Il n’est pas toujours souhaitable de se baser uniquement sur les avis et demandes des fans et de faire ce qu’ils veulent. Notre travail consiste à surprendre agréablement les fans, alors nous ne pouvons pas nous contenter d’écouter leur avis. Nous devons trahir, dans le bon sens du terme, leurs attentes. Nous devons satisfaire leurs désirs inexprimés. Nous voulons qu’ils essaient le jeu et se disent : « Oui, oui, c’est ce que je voulais ! »
Tout à fait.
Mais c’est à double tranchant. Vous courez le risque de les entendre dire : « Ce n’est pas ce que j’attends de Tales of ! » En revanche, si vous adoptez une attitude conservatrice, l’enthousiasme retombera. Comment avez-vous géré cela pendant 15 ans à propos de Tales of ?
Nous sommes sensibles aux opinions des fans, mais je ne crois pas que notre travail consiste simplement à réaliser ce qu’ils veulent. On ne crée pas un jeu vidéo en votant à la majorité.
Et de nos jours, les fans s’expriment directement sur Internet. On peut y lire des éloges, des reproches, des critiques, et on peut voir ce qui a surpris les joueurs de manière positive. Notre travail consiste essentiellement à créer quelque chose qui n’existe pas déjà, et si vous prêtez trop attention à ces avis, cela finira par vous obséder.
Oui, cela peut vous induire en erreur.
Les membres les plus jeunes de l’équipe sont particulièrement sensibles à cela. Je suppose que le plus important dans votre travail sur Tales of est gérer ces jeunes coéquipiers qui travaillent dans le seul but de satisfaire les demandes des clients et de dire : « Il en faut plus pour les surprendre ».
Eh bien, je ne voudrais pas paraître prétentieux, mais je dis toujours : « Si vous n’êtes pas sûr de ce qu’il faut faire, pensez à ce que vous préféreriez si vous étiez le joueur ». Je veux qu’ils travaillent pour l’individu plutôt que pour la majorité. À trop vouloir écouter l’opinion des fans, ils risquent de se faire influencer, alors je leur conseille : « Faites ce qui vous semble le mieux ».

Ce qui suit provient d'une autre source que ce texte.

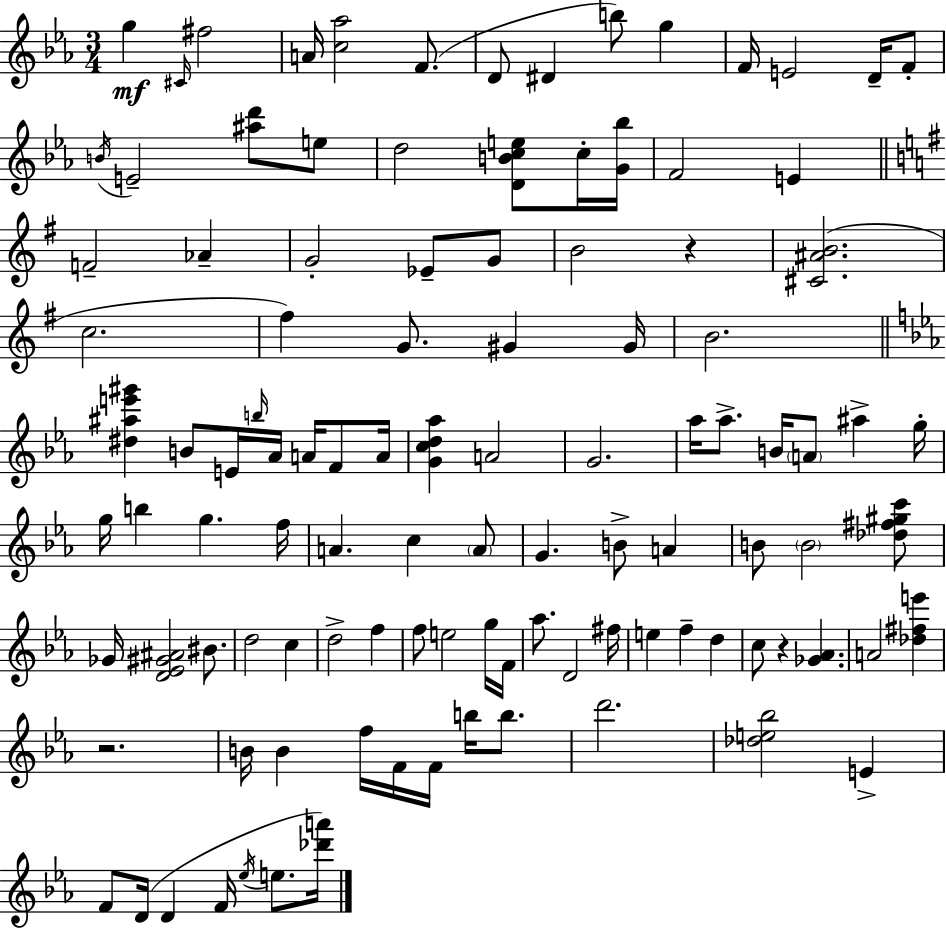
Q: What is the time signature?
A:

Quand un jeu apporte d’agréables surprises, les joueurs ont le sourire. Je suis convaincu que le divertissement de grande qualité produit toujours et encore cet effet. Quand tout marche comme sur des roulettes, ce n’est pas satisfaisant.

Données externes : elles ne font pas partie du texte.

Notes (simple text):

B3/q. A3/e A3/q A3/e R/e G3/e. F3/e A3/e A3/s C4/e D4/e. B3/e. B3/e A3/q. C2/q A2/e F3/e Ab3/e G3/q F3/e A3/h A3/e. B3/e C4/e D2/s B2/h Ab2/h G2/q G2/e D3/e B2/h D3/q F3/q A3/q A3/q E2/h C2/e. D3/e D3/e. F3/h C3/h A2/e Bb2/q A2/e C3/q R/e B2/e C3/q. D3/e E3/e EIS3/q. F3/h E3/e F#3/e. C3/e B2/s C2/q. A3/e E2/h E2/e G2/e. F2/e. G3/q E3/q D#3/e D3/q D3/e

C’est exact. Je tâche d’effacer toutes traces des contraintes des développeurs.
Mais chaque fois que vous croyez avoir choisi la bonne voie et que votre travail est révélé au monde, c’est comme si vous vous mettiez à prier, n’est-ce pas ?
Oui. C’est terrifiant.
Toujours. En cela, vous faites face à l’inconnu. Vous sortez un jeu sur lequel vous avez énormément travaillé, mais la réaction des joueurs n’est pas forcément toujours celle escomptée. Mais si vous faites quelque chose en votant à la majorité, cela n’a aucun intérêt.
C’est vrai. On parle sans cesse de sondages et de marketing, et il est possible d’en faire bon usage. Vous pouvez vous y référer quand vous créez quelque chose, mais cela ne suffit pas en soi. Habituellement, je me promène dans les magasins pendant toute la matinée lorsque sort un jeu de la série Tales of. Je crains que le jeu ne se vende pas, et cela jusqu’à ce que je vois des clients effectivement en train de l’acheter.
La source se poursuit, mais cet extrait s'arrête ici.